1. He conceals the details of parting
Ideally, a talk about ex-partners should happen only once: you shared your past experience, made some conclusions about each other and do not return to this topic. Not everyone likes to go into the details of past failures. But, when the guy avoids a direct answer about the reason for parting, perhaps this is the reason you should know. If a partner has cheated in his past relationships, you’d better hear it from him. Those who committed infidelity often repeat their mistake in the following relationships. Honest recognition is the best indication that he feels sorry about his actions. If he was cheated on – this is also important because now the guy can have problems with confidence that will affect you.
2. He compares you to her
It does not have to be a direct statement like “my ex-girlfriend always massaged my back after work,” although this also happens. He can make a subtle hint: “I’m used to being consulted about anything.” In our head, we inevitably draw parallels with the past experience. But to express it to a partner and try to bring up the qualities that the ex-partner was noted for is disrespectful at the very minimum.
3. He hates his ex
It is important not only what the guy says about the former girlfriend, but also how he does it. When the guy becomes furious and cannot avoid curses at a mention of the past relationships – it’s no better than nostalgic sighs and the regrets of parting. If something causes our strong emotions, we are not ready to let it go.
4. He is nostalgic about the former relationships
Though not literally, he makes it clear that he has not forgotten how good he felt. He can talk with nostalgia not about the girlfriend, but in general about the period of time when he was with her. This veiled longing for the relationship will prevent him from appreciating what is happening between you now.
5. He is still somehow connected with the former partner
Sometimes the partner struggles to keep in touch with the former or her family under various pretexts. This is a red flag, but it does not necessarily mean that he hopes to regain the former relationship. In such a situation, frankness is especially important. If the lives of your boyfriend and his ex-girlfriend are somehow connected – you should know about it from him.

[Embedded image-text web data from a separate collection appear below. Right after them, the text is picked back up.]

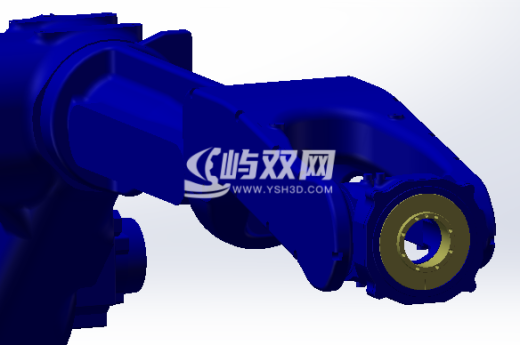 安川motomanMA2010关节可运动机器人模型缩略图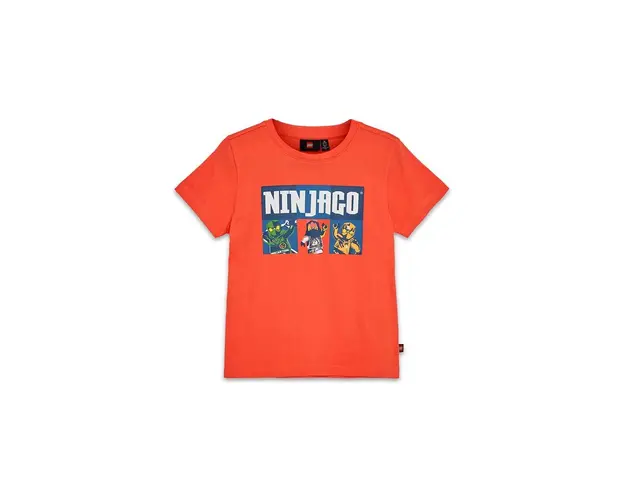 Lego tricou de bumbac pentru copii culoarea portocaliu, cu imprimeu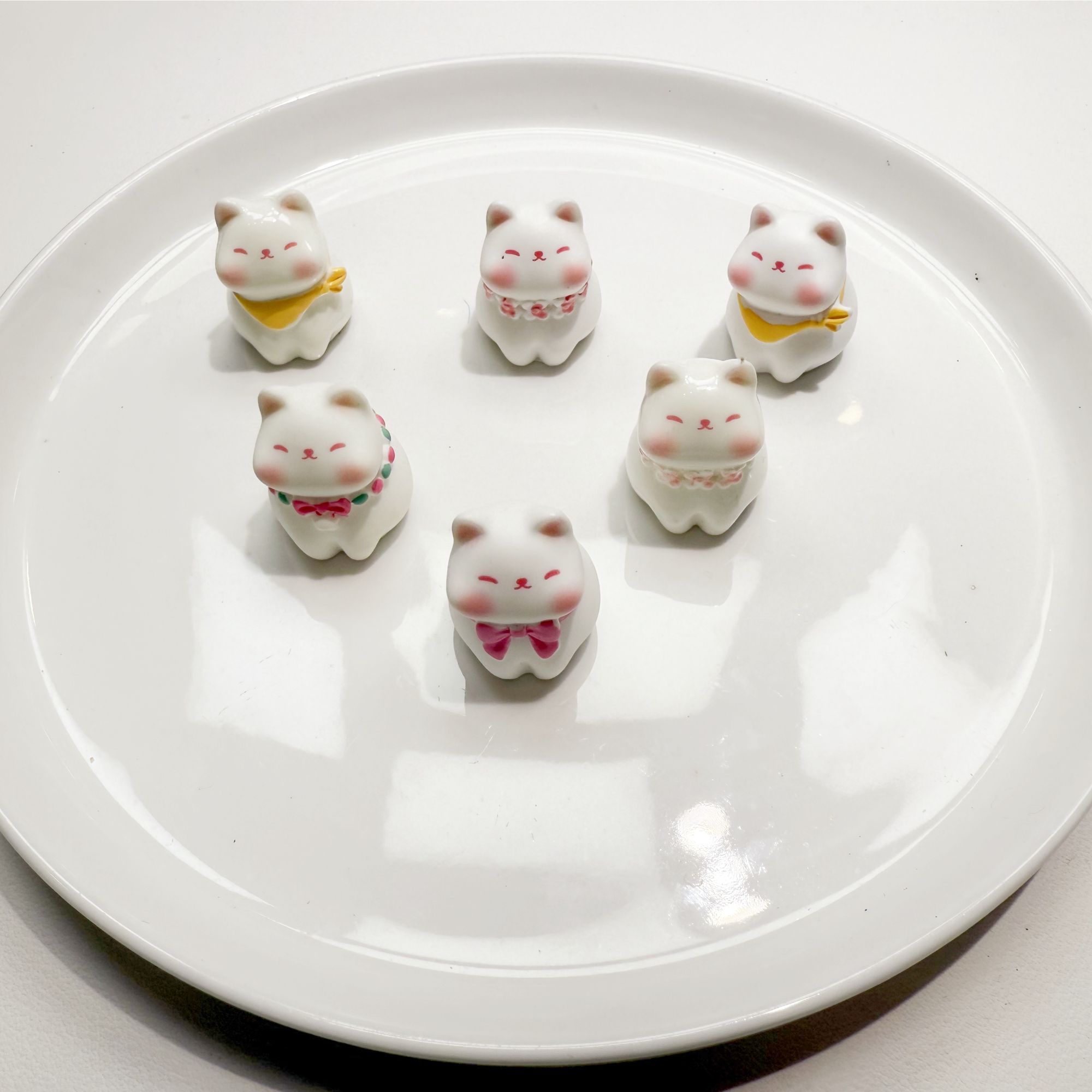 【碰碰乐团单】【可爱猫猫】实色创意树脂桌面摆件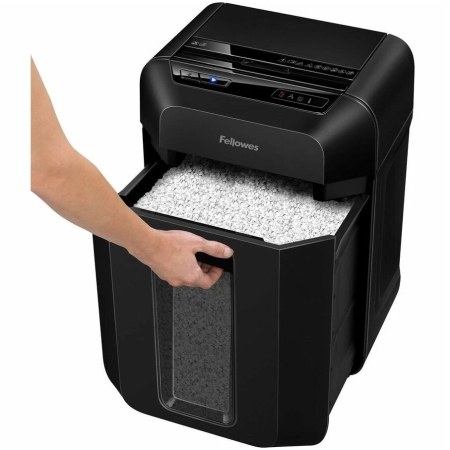 Шредер Fellowes AutoMax 90M черный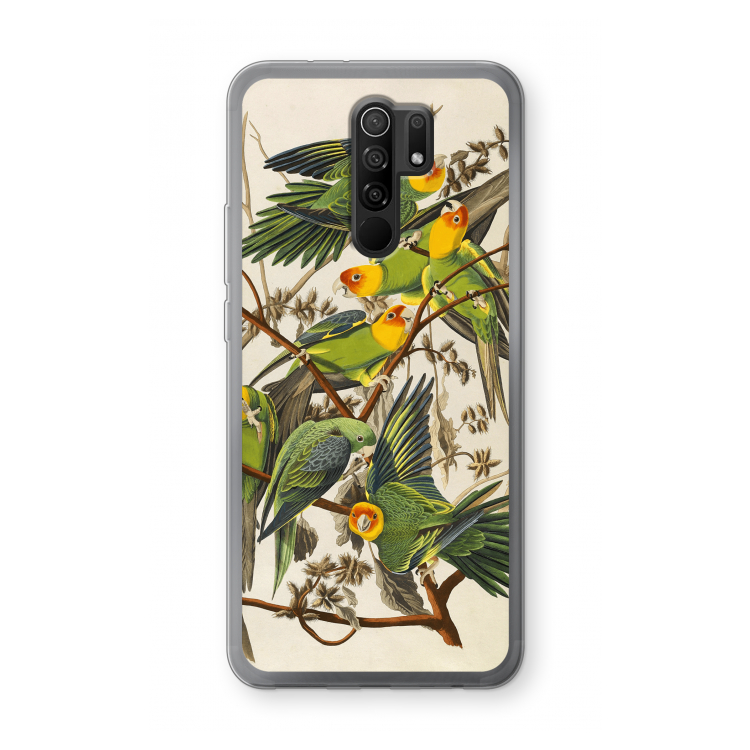 Carolinaparkiet: Xiaomi Redmi 9 Transparant Hoesje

The more open he is with you, the more confident you will feel. You, too, should be honest with the guy, if you have doubts about him and do not like his relationship with the ex-girlfriend. Do not blame him and do not voice ultimatums. It’s better to talk about how you feel about everything that’s happening.
6. He blames only her for the separation
This is an important red flag, dealing not only with the former relationship, but about with the ability to bear responsibility. If a man tells only about how he was offended and humiliated in the past. The fact that there is so much resentment in him indicates that he has not yet coped with the separation and is not ready for a new relationship. In addition, it may mean that a person does not know how to admit his mistakes and does not draw conclusions. In this case, you will always be guilty of your problems.